TASK PROMPT: Exactly as given, output all the records that follow.

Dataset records
────────────────

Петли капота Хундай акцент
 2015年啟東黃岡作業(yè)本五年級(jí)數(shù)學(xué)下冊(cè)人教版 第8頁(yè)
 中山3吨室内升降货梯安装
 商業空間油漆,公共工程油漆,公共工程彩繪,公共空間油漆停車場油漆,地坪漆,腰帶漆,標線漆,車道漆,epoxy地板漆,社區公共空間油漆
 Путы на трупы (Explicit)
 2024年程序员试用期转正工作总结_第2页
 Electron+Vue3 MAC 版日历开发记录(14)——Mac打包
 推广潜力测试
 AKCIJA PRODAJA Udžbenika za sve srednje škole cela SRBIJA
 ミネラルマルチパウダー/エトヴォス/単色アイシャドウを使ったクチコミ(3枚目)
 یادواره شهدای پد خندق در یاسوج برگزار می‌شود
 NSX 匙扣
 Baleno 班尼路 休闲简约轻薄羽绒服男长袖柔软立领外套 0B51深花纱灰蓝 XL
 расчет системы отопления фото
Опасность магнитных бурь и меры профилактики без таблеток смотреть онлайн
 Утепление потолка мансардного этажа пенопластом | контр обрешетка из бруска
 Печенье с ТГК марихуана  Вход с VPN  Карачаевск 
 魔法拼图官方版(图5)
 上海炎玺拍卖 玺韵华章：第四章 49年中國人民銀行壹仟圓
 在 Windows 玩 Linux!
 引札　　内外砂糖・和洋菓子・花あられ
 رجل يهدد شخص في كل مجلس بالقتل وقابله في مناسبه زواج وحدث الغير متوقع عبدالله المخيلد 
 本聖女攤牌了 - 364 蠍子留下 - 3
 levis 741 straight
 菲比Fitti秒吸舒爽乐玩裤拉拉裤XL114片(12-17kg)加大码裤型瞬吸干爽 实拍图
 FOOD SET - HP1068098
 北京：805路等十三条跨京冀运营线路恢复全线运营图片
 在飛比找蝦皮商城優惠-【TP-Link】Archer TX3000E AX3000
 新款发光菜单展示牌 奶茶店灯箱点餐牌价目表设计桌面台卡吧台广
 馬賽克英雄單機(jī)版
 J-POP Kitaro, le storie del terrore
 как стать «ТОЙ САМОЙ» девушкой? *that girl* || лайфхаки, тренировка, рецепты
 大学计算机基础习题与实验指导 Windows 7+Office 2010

────────────────

WRITTEN ANSWER:
Петли капота Хундай акцент
 2015年啟東黃岡作業(yè)本五年級(jí)數(shù)學(xué)下冊(cè)人教版 第8頁(yè)
 中山3吨室内升降货梯安装
 商業空間油漆,公共工程油漆,公共工程彩繪,公共空間油漆停車場油漆,地坪漆,腰帶漆,標線漆,車道漆,epoxy地板漆,社區公共空間油漆
 Путы на трупы (Explicit)
 2024年程序员试用期转正工作总结_第2页
 Electron+Vue3 MAC 版日历开发记录(14)——Mac打包
 推广潜力测试
 AKCIJA PRODAJA Udžbenika za sve srednje škole cela SRBIJA
 ミネラルマルチパウダー/エトヴォス/単色アイシャドウを使ったクチコミ(3枚目)
 یادواره شهدای پد خندق در یاسوج برگزار می‌شود
 NSX 匙扣
 Baleno 班尼路 休闲简约轻薄羽绒服男长袖柔软立领外套 0B51深花纱灰蓝 XL
 расчет системы отопления фото
Опасность магнитных бурь и меры профилактики без таблеток смотреть онлайн
 Утепление потолка мансардного этажа пенопластом | контр обрешетка из бруска
 Печенье с ТГК марихуана  Вход с VPN  Карачаевск 
 魔法拼图官方版(图5)
 上海炎玺拍卖 玺韵华章：第四章 49年中國人民銀行壹仟圓
 在 Windows 玩 Linux!
 引札　　内外砂糖・和洋菓子・花あられ
 رجل يهدد شخص في كل مجلس بالقتل وقابله في مناسبه زواج وحدث الغير متوقع عبدالله المخيلد 
 本聖女攤牌了 - 364 蠍子留下 - 3
 levis 741 straight
 菲比Fitti秒吸舒爽乐玩裤拉拉裤XL114片(12-17kg)加大码裤型瞬吸干爽 实拍图
 FOOD SET - HP1068098
 北京：805路等十三条跨京冀运营线路恢复全线运营图片
 在飛比找蝦皮商城優惠-【TP-Link】Archer TX3000E AX3000
 新款发光菜单展示牌 奶茶店灯箱点餐牌价目表设计桌面台卡吧台广
 馬賽克英雄單機(jī)版
 J-POP Kitaro, le storie del terrore
 как стать «ТОЙ САМОЙ» девушкой? *that girl* || лайфхаки, тренировка, рецепты
 大学计算机基础习题与实验指导 Windows 7+Office 2010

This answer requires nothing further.